<<<<
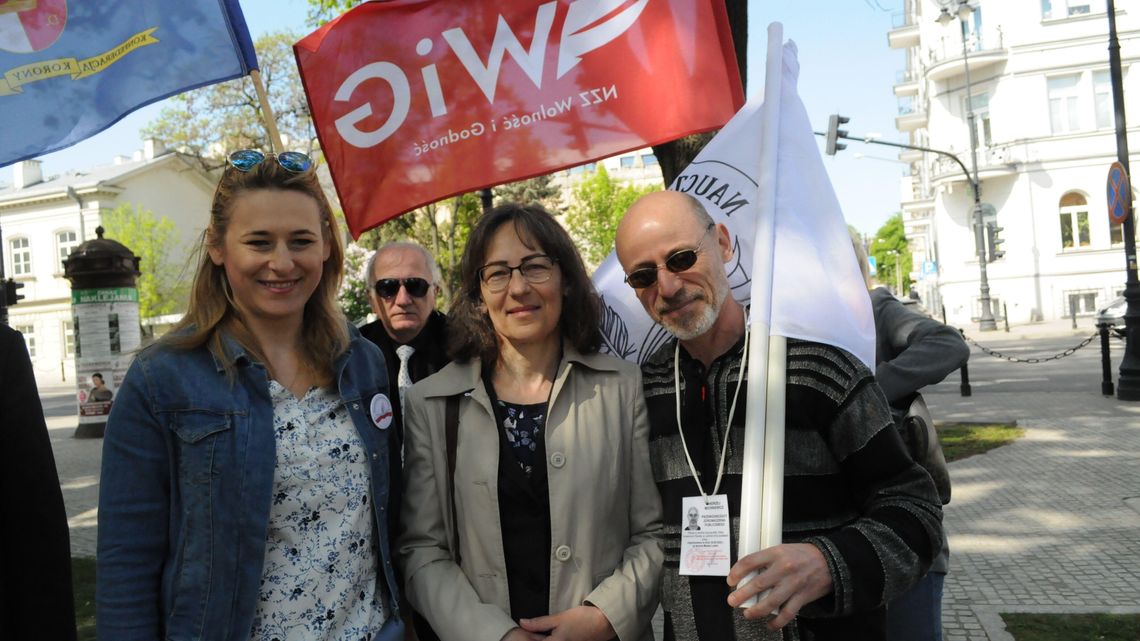 Bez maseczki w szkole i do pracy na kwarantannie. Lubelscy nauczyciele ukarani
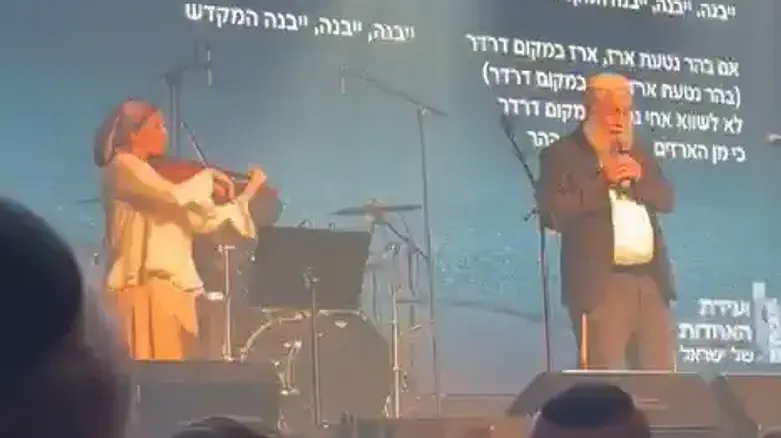 Widow and bereaved father move crowd to tears with powerful duet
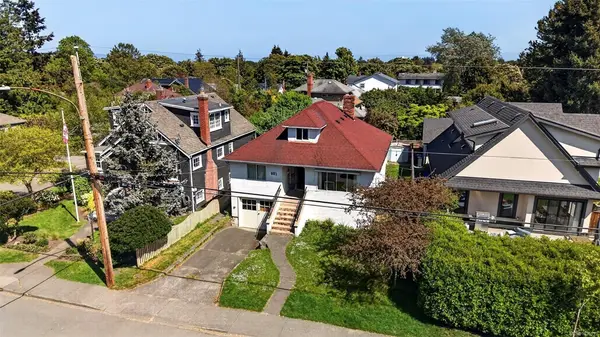 901 VICTORIA Ave, Oak Bay BC V8S 4N5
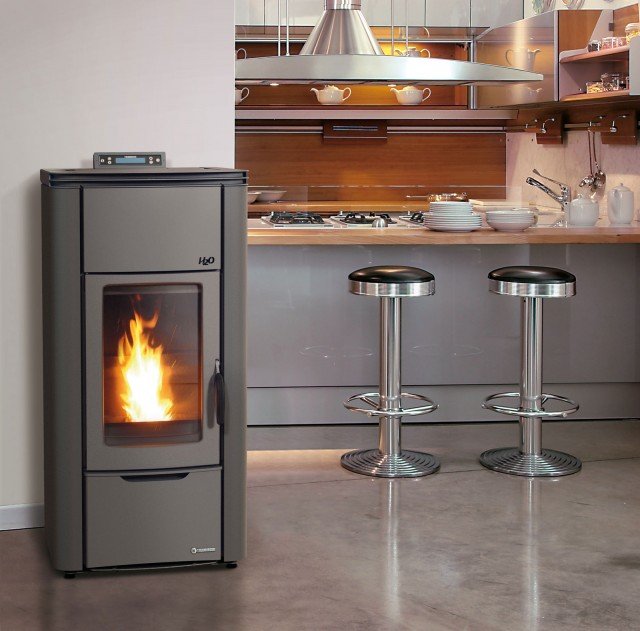 termostufa a pellet alimenta i radiatori e produce acqua calda sanitaria H2O 14 Easy di Thermorossi termostufa a pellet alimenta i radiatori e produce acqua calda sanitaria H2O 14 Easy di Thermorossi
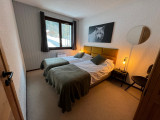 Chambre avec deux lits simples pouvant faire un lit double, fenêtre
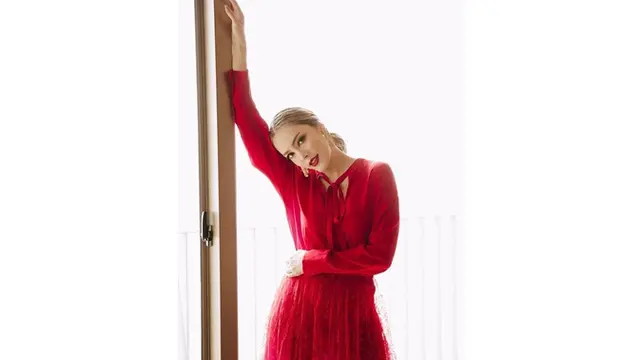 Jarang Terlihat di Layar Kaca, Ini 7 Pesona Cathy Sharon
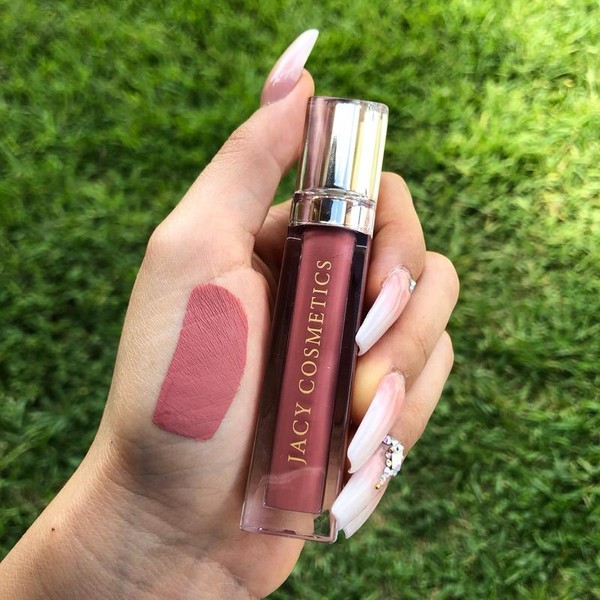 JC Matte lipstick collection - Color: Adore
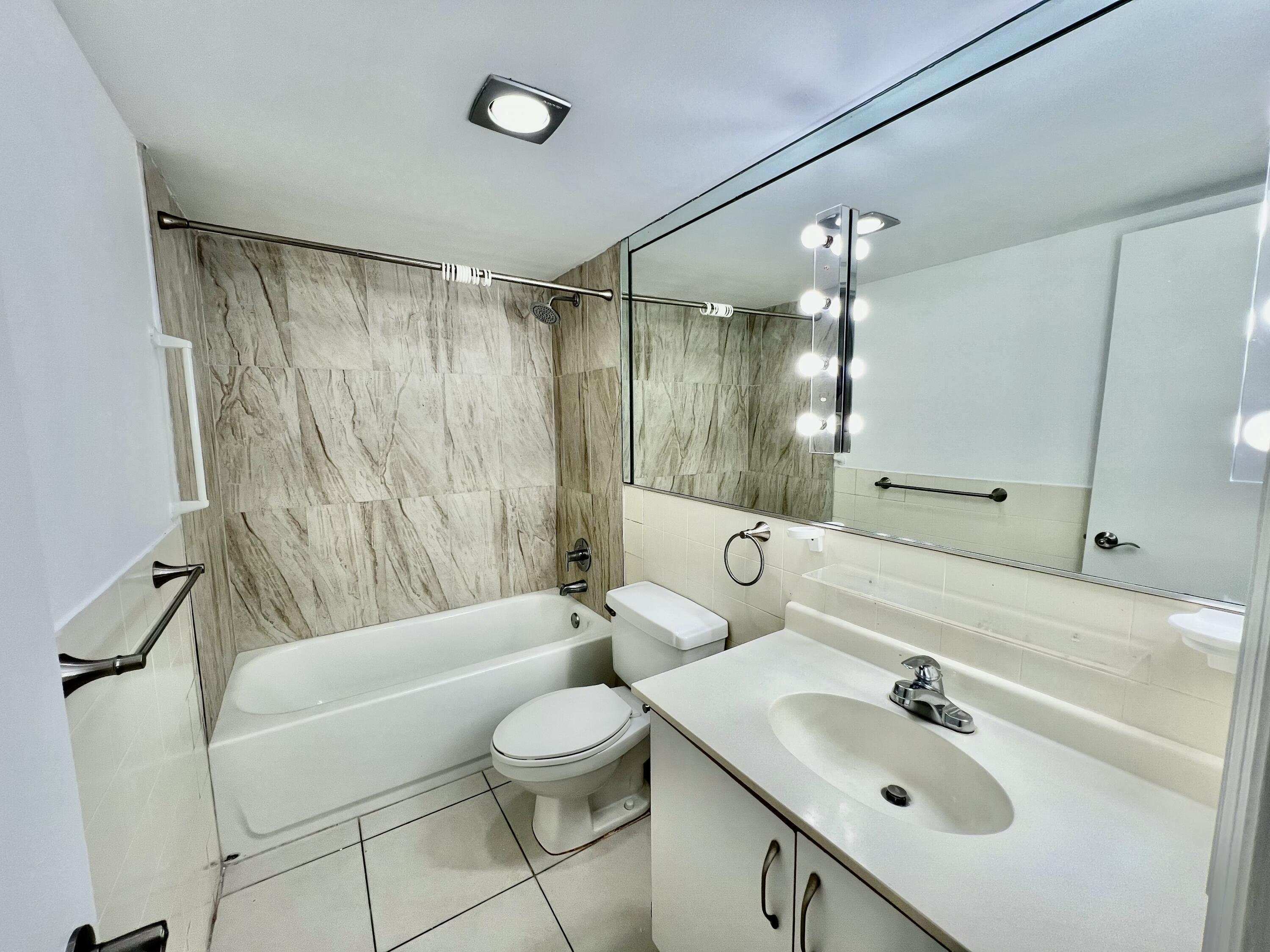 1000 Northwest 13th Street, Unit 113A Boca Raton, FL 33486 - Photo 15 of 21 15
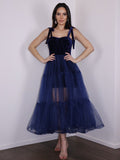 Vestido de fiesta de graduación de corte A/princesa, de tul, con volantes y tirantes finos, sin mangas y largo hasta la rodilla.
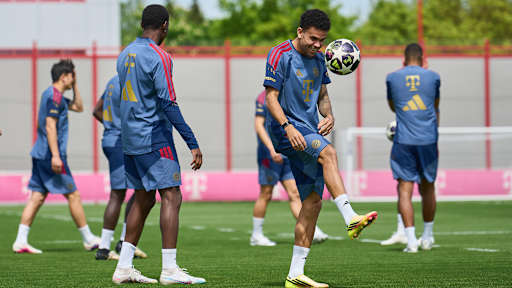 Luis Diaz jongliert mit Ball im Training des FC Bayern zwei Tage vor dem Rückspiel gegen PSG in der Champions League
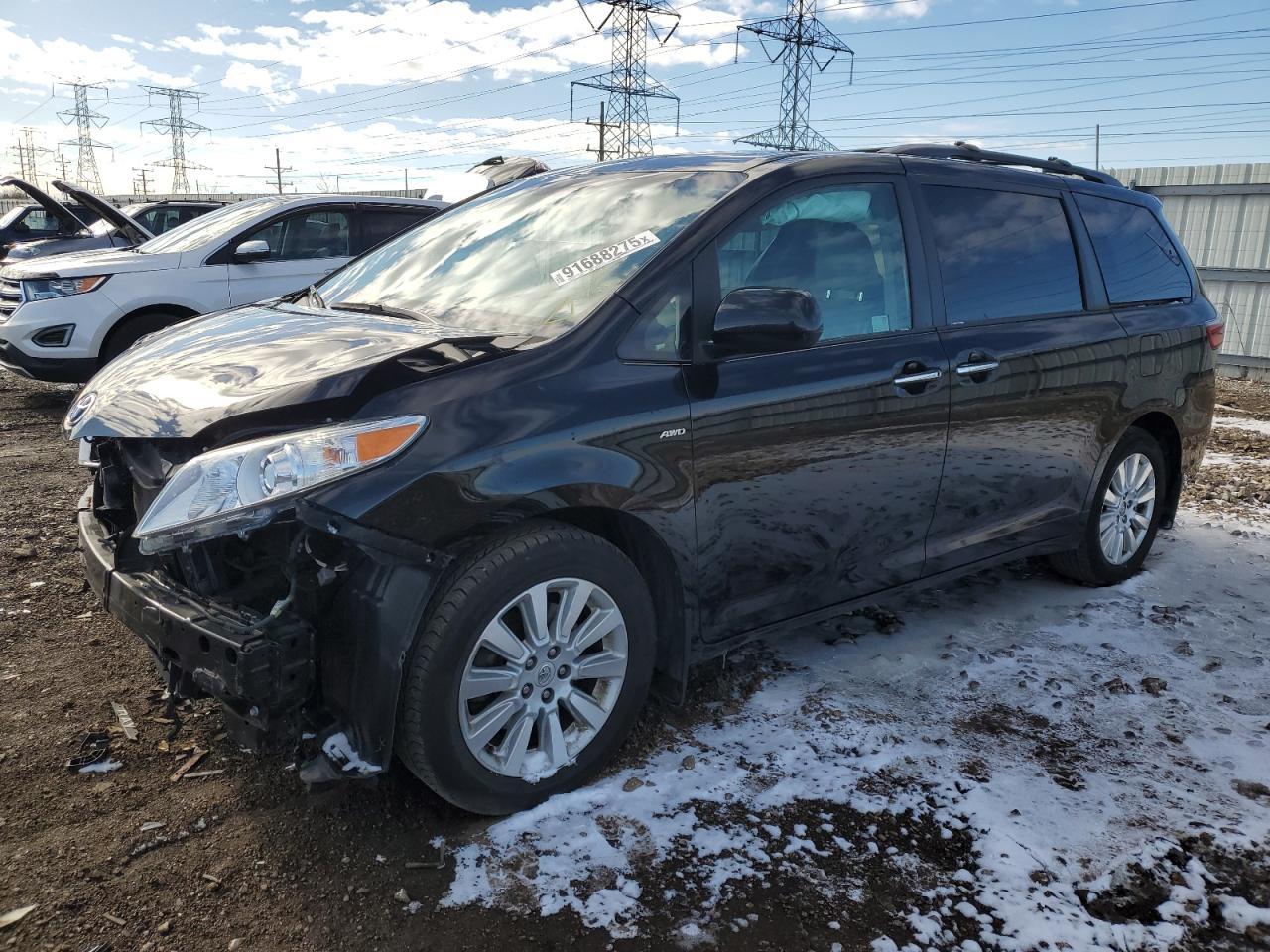 2022 TOYOTA SIENNA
>>>>
Work instruction: Here the lines from the one containing "di Thermorossi termostufa" through the end of the material are to be copied exactly, with the pictures omitted.

Your solution:
 termostufa a pellet alimenta i radiatori e produce acqua calda sanitaria H2O 14 Easy di Thermorossi termostufa a pellet alimenta i radiatori e produce acqua calda sanitaria H2O 14 Easy di Thermorossi
 Chambre avec deux lits simples pouvant faire un lit double, fenêtre
 Jarang Terlihat di Layar Kaca, Ini 7 Pesona Cathy Sharon
 JC Matte lipstick collection - Color: Adore
 1000 Northwest 13th Street, Unit 113A Boca Raton, FL 33486 - Photo 15 of 21 15
 Vestido de fiesta de graduación de corte A/princesa, de tul, con volantes y tirantes finos, sin mangas y largo hasta la rodilla.
 Luis Diaz jongliert mit Ball im Training des FC Bayern zwei Tage vor dem Rückspiel gegen PSG in der Champions League
 2022 TOYOTA SIENNA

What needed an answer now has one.